- Racing silks of John W. Galbreath
- Sire: Hail To Reason
- Grandsire: Turn-To
- Dam: Bramalea
- Damsire: Nashua
- Sex: Stallion
- Foaled: 1969
- Country: United States
- Colour: Bay
- Breeder: John W. Galbreath
- Owner: John W. Galbreath
- Trainer: Vincent O'Brien
- Record: 14: 7-3-0
- Earnings: $339,902

Major wins
- National Stakes (1971) Anglesey Stakes (1971) Epsom Derby (1972) Benson & Hedges Gold Cup (1972) Vauxhall Trial Stakes (1972) Coronation Cup (1973)

Awards
- Champion 2-Year-Old Colt in Ireland (1971) Champion 3-year-old colt in Ireland (1972) Champion 3-year-old colt in England (1972)

Honours
- Timeform rating: 131

= Roberto (horse) =

American-bred, Irish Thoroughbred racehorse

Roberto (16 March 1969 – 2 August 1988) was an American-bred, Irish-trained Thoroughbred racehorse. In a career that lasted from 1971 until July 1973, he ran fourteen times and won seven races. He was the best Irish two-year-old of 1971, when his victories included the National Stakes. As a three-year-old, he won the Derby before recording a famous victory over Brigadier Gerard in the inaugural running of the Benson and Hedges Gold Cup. This is regarded by many experts to have been one of the greatest ever performances on a European racecourse. He won the Coronation Cup as a four-year-old before being retired to stud. Roberto had fragile knees and required a left-handed track to perform to his best; he never won going right-handed. He was described by Lester Piggott as " a champion when things were in his favour". Roberto also proved to be a highly successful and influential stallion.

==Background==
Roberto was a bay horse with a white blaze bred by John W. Galbreath at his Darby Dan Farm in Lexington, Kentucky. He was a son of the successful sire Hail To Reason out of the mare Bramalea, winner of the CCA Oaks in 1962. Roberto's grandsire was Turn-To, a descendant of Nearco, and his damsire was U.S. Hall of Famer Nashua. He was named for Major League Baseball star Roberto Clemente by his owner John Galbreath who also owned the Pittsburgh Pirates baseball team.

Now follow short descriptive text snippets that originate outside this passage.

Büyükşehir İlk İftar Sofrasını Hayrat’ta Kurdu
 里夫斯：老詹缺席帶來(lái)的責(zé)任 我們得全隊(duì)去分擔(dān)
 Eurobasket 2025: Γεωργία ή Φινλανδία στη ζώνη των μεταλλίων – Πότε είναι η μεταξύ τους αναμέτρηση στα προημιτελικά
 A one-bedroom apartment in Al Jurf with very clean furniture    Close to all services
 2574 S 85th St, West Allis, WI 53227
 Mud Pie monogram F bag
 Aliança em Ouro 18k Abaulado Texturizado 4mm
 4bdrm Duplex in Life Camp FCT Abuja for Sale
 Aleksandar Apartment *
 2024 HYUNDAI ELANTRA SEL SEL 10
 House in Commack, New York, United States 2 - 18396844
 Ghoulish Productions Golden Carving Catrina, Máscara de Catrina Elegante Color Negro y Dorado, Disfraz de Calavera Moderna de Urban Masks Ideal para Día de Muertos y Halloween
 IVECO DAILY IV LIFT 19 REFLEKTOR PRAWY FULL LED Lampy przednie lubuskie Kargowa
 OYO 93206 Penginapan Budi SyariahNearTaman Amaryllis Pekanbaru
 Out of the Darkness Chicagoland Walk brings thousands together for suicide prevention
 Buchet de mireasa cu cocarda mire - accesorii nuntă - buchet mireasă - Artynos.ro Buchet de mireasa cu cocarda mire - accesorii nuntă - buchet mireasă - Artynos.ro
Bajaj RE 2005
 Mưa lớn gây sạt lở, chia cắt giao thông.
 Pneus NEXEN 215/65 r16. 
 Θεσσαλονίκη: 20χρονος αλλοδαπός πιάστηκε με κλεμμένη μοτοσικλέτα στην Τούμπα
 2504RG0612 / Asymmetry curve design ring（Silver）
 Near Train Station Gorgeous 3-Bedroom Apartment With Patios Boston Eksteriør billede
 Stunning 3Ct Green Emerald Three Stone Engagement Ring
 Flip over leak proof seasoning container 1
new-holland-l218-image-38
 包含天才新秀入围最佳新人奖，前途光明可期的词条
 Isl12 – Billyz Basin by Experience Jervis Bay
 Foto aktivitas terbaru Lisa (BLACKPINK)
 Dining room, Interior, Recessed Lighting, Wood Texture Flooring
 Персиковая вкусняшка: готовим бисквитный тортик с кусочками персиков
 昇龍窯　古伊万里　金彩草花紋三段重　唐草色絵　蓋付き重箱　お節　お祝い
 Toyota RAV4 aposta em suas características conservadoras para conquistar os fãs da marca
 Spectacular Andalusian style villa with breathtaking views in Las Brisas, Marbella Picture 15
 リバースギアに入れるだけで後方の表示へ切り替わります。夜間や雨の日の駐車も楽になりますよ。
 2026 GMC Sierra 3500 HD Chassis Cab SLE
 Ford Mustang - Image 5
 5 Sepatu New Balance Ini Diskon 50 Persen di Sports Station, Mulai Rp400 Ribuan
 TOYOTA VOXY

Galbreath sent the colt to be trained in Ireland by Vincent O'Brien.

==Racing career==

===1971: two-year-old season===
Roberto made his debut in the Lagan Stakes in July 1971 at the Curragh Racecourse. He won impressively and then contested the Anglesey Stakes also at the Curragh which he won easily. He returned to win the National Stakes over the same course, drawing comparisons to Nijinsky. He was then sent to France to contest the Grand Critérium at Longchamp Racecourse and finished fourth behind Hard To Beat.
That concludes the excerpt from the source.